Berdasarkan informasi yang kami himpun dari media, peristiwa terjadi sekitar pukul 18.00 bermula saat datangnya sejumlah pengunjung supermarket yang menggunakan kendaraan roda empat dan roda dua.1 Namun, laki-laki yang belum diketahui identitasnya menggunakan sepeda motor memarkirkan kendaraannya di bagian mobil, khususnya bagian lobi supermarket, meskipun telah disediakan tempat parkir untuk sepeda motor. Petugas keamanan supermarket berinisial JD kemudian menegur pria tersebut agar memindahkan kendaraannya ke tempat yang sudah ditentukan. Namun karena tidak terima, pria yang merupakan pengendara sepeda motor memainkan gas kendaraannya. JD kemudian kembali menegur dan meminta untuk meninggalkan area parkir. Pria tersebut langsung keluar dari area supermarket. Namun sebelum pergi meninggalkan area supermarket, pria tersebut sempat menantang petugas parkir dengan berucap “lu tunggu entar, gue bawa sekompi”. Selang 30 menit kemudian, datang sekitar 7 orang yang langsung menyerang korban dengan memukul bahkan salah seorang korban dihajar menggunakan conblock. Dua orang korban sempat kabur dan satu orang melawan. 2
Akibat pengeroyokan tersebut, tiga korban mengalami luka-luka. SL menderita luka di bibir, JD mengalami lebam pada hidung, mata kiri, dan lecet. Sedangkan MA menderita luka lebam pada mata kanan sampai tidak dapat melihat. Salah satu korban kemudian dirujuk ke RSUD Cibinong setelah dirawat di RS Primaya. Pasca peristiwa pemukulan tersebut, para pelaku pergi ke arah selatan atau Jalan BBM kemudian ke Markas TNI di Cilodong. Saat ini, kuasa hukum dari warga berinisial JD, MA, dan SL melaporkan kasus pengeroyokan yang dialami kliennya diduga dilakukan anggota TNI ke Polda Metro Jaya. Laporan itu diterima SPKT Polda Metro Jaya dengan nomor STTLP/B/1074/V/2025/SPKT/POLRES METRO DEPOK/POLDA METRO JAYA.3
Terhadap peristiwa tersebut, kami menilai bahwa hal ini menunjukkan adanya arogansi dan kesewenang-wenangan dari TNI. Dilakukannya pengeroyokan terhadap warga sipil dari terduga aparat TNI menunjukkan masih adanya anggota TNI yang menunjukkan arogansi di lapangan yang merupakan salah satu motif umum di balik kekerasan TNI yang sejatinya didasari oleh permasalahan sepele yang dapat diselesaikan secara rasional tanpa melalui cara-cara kekerasan. Kekerasan yang berakibat pada pelanggaran HAM tersebut tentu tidak sesuai dengan Jati Diri TNI sebagai tentara rakyat.

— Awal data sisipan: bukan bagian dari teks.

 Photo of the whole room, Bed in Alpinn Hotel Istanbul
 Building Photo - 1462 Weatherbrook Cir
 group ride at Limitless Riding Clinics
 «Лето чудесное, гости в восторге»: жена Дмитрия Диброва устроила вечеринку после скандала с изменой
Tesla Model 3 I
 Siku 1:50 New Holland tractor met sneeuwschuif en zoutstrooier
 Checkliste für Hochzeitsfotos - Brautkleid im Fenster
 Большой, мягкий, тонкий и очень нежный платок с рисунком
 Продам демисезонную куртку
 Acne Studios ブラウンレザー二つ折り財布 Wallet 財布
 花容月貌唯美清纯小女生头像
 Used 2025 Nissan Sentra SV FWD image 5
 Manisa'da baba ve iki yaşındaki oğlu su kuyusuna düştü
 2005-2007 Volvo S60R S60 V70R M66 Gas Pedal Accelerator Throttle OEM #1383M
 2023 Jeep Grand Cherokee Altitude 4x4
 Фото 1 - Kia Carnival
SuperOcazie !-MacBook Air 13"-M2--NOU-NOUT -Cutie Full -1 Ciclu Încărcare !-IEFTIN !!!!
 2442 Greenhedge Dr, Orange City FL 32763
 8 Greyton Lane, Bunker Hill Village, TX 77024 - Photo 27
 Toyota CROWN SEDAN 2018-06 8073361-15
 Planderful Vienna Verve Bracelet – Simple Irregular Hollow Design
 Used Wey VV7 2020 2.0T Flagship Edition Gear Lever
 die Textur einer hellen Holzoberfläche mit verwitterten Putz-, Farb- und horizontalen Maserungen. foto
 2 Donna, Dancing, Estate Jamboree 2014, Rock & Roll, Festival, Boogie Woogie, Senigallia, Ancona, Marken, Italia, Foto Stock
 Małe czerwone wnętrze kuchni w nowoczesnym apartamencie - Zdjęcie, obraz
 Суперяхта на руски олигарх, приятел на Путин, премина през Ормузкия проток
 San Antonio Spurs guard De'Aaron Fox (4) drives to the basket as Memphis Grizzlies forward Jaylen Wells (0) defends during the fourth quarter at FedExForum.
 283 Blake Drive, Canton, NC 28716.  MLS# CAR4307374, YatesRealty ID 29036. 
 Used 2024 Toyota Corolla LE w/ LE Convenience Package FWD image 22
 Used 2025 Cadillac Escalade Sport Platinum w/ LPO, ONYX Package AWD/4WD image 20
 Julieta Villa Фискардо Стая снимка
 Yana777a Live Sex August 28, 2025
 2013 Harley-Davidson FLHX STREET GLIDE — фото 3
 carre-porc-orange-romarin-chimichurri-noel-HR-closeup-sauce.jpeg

KontraS melihat bahwa tindak kekerasan yang dilakukan oleh TNI tersebut didasari atas perasaan tersinggung karena diminta untuk pindah dimana permintaan tersebut ditujukan kepada individu demi ketertiban tempat parkir. Namun alih-alih mendengarkan dan menyelesaikan masalah dengan memindahkan motornya, Pria tersebut malah mendatangkan TNI dan melakukan tindak kekerasan terhadap penduduk sipil. Indonesia merupakan negara yang telah meratifikasi Konvensi Anti Penyiksaan melalui Undang-Undang Nomor 5 Tahun 1998 tentang Pengesahan Convention Against Tortureand Other Cruel, Inhuman or Degrading Treatment or Punishment (Konvensi Menentang Penyiksaan dan Perlakuan atau Penghukuman Lain yang Kejam, Tidak Manusiawi, atau Merendahkan Martabat Manusia) yang pada pokoknya mengatur pelarangan “penyiksaan” yang berarti setiap perbuatan yang dilakukan dengan sengaja sehingga menimbulkan rasa sakit atau penderitaan yang hebat, baik jasmani maupun rohani, pada seseorang untuk memperoleh pengakuan atau keterangan dari orang itu atau dari orang ketiga, dengan menghukumnya atas suatu perbuatan yang telah dilakukan atau diduga telah dilakukan oleh orang itu atau orang ketiga, atau mengancam atau memaksa orang itu atau orang ketiga, atau untuk suatu alasan yang didasarkan pada diskriminasi, apabila rasa sakit dan penderitaan tersebut ditimbulkan oleh, atas hasutan dari, dengan persetujuan, atau sepengetahuan pejabat pemerintah.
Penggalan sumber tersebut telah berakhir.